■ Assigned task ■
Your response should be every line of the data, written out exactly.
-- Opening Marker --
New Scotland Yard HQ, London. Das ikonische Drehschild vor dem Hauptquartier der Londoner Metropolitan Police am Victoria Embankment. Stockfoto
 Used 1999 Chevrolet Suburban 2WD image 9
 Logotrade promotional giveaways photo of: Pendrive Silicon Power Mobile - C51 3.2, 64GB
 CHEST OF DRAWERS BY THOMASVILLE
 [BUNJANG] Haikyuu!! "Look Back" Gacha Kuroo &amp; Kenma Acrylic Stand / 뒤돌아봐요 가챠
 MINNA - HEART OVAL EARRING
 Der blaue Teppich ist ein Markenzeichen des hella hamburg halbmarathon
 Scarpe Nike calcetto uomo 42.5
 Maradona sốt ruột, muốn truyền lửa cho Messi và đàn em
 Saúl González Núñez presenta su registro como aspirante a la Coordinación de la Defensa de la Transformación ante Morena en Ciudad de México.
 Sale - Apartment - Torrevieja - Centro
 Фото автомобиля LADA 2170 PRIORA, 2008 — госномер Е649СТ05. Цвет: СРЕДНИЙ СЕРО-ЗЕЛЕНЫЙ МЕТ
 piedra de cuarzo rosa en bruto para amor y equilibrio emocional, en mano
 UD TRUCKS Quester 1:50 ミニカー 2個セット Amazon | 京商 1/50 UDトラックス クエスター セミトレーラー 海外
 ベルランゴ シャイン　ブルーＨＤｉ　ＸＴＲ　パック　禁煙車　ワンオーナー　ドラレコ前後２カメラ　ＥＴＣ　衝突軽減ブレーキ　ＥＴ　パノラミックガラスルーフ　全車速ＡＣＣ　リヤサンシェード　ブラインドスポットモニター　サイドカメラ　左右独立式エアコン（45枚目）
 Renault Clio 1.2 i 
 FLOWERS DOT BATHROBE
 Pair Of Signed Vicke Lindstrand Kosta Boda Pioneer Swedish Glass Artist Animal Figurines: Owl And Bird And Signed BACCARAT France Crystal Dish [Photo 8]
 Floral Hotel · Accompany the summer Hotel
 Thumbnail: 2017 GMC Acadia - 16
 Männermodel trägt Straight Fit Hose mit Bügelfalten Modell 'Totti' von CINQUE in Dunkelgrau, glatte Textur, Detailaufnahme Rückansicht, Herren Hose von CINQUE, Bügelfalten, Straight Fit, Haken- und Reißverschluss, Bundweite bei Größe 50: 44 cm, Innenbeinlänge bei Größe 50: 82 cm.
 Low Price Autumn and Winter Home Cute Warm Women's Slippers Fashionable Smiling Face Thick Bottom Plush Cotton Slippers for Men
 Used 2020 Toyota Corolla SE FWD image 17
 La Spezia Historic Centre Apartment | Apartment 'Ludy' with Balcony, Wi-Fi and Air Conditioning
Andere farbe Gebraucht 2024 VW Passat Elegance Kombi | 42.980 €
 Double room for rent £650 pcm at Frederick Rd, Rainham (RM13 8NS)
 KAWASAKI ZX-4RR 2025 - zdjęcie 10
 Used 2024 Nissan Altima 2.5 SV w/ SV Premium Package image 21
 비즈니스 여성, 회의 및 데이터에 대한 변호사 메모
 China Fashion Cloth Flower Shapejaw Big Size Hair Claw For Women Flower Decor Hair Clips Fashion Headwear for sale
-- Closing Marker --
■ Exercise response ■
New Scotland Yard HQ, London. Das ikonische Drehschild vor dem Hauptquartier der Londoner Metropolitan Police am Victoria Embankment. Stockfoto
 Used 1999 Chevrolet Suburban 2WD image 9
 Logotrade promotional giveaways photo of: Pendrive Silicon Power Mobile - C51 3.2, 64GB
 CHEST OF DRAWERS BY THOMASVILLE
 [BUNJANG] Haikyuu!! "Look Back" Gacha Kuroo &amp; Kenma Acrylic Stand / 뒤돌아봐요 가챠
 MINNA - HEART OVAL EARRING
 Der blaue Teppich ist ein Markenzeichen des hella hamburg halbmarathon
 Scarpe Nike calcetto uomo 42.5
 Maradona sốt ruột, muốn truyền lửa cho Messi và đàn em
 Saúl González Núñez presenta su registro como aspirante a la Coordinación de la Defensa de la Transformación ante Morena en Ciudad de México.
 Sale - Apartment - Torrevieja - Centro
 Фото автомобиля LADA 2170 PRIORA, 2008 — госномер Е649СТ05. Цвет: СРЕДНИЙ СЕРО-ЗЕЛЕНЫЙ МЕТ
 piedra de cuarzo rosa en bruto para amor y equilibrio emocional, en mano
 UD TRUCKS Quester 1:50 ミニカー 2個セット Amazon | 京商 1/50 UDトラックス クエスター セミトレーラー 海外
 ベルランゴ シャイン　ブルーＨＤｉ　ＸＴＲ　パック　禁煙車　ワンオーナー　ドラレコ前後２カメラ　ＥＴＣ　衝突軽減ブレーキ　ＥＴ　パノラミックガラスルーフ　全車速ＡＣＣ　リヤサンシェード　ブラインドスポットモニター　サイドカメラ　左右独立式エアコン（45枚目）
 Renault Clio 1.2 i 
 FLOWERS DOT BATHROBE
 Pair Of Signed Vicke Lindstrand Kosta Boda Pioneer Swedish Glass Artist Animal Figurines: Owl And Bird And Signed BACCARAT France Crystal Dish [Photo 8]
 Floral Hotel · Accompany the summer Hotel
 Thumbnail: 2017 GMC Acadia - 16
 Männermodel trägt Straight Fit Hose mit Bügelfalten Modell 'Totti' von CINQUE in Dunkelgrau, glatte Textur, Detailaufnahme Rückansicht, Herren Hose von CINQUE, Bügelfalten, Straight Fit, Haken- und Reißverschluss, Bundweite bei Größe 50: 44 cm, Innenbeinlänge bei Größe 50: 82 cm.
 Low Price Autumn and Winter Home Cute Warm Women's Slippers Fashionable Smiling Face Thick Bottom Plush Cotton Slippers for Men
 Used 2020 Toyota Corolla SE FWD image 17
 La Spezia Historic Centre Apartment | Apartment 'Ludy' with Balcony, Wi-Fi and Air Conditioning
Andere farbe Gebraucht 2024 VW Passat Elegance Kombi | 42.980 €
 Double room for rent £650 pcm at Frederick Rd, Rainham (RM13 8NS)
 KAWASAKI ZX-4RR 2025 - zdjęcie 10
 Used 2024 Nissan Altima 2.5 SV w/ SV Premium Package image 21
 비즈니스 여성, 회의 및 데이터에 대한 변호사 메모
 China Fashion Cloth Flower Shapejaw Big Size Hair Claw For Women Flower Decor Hair Clips Fashion Headwear for sale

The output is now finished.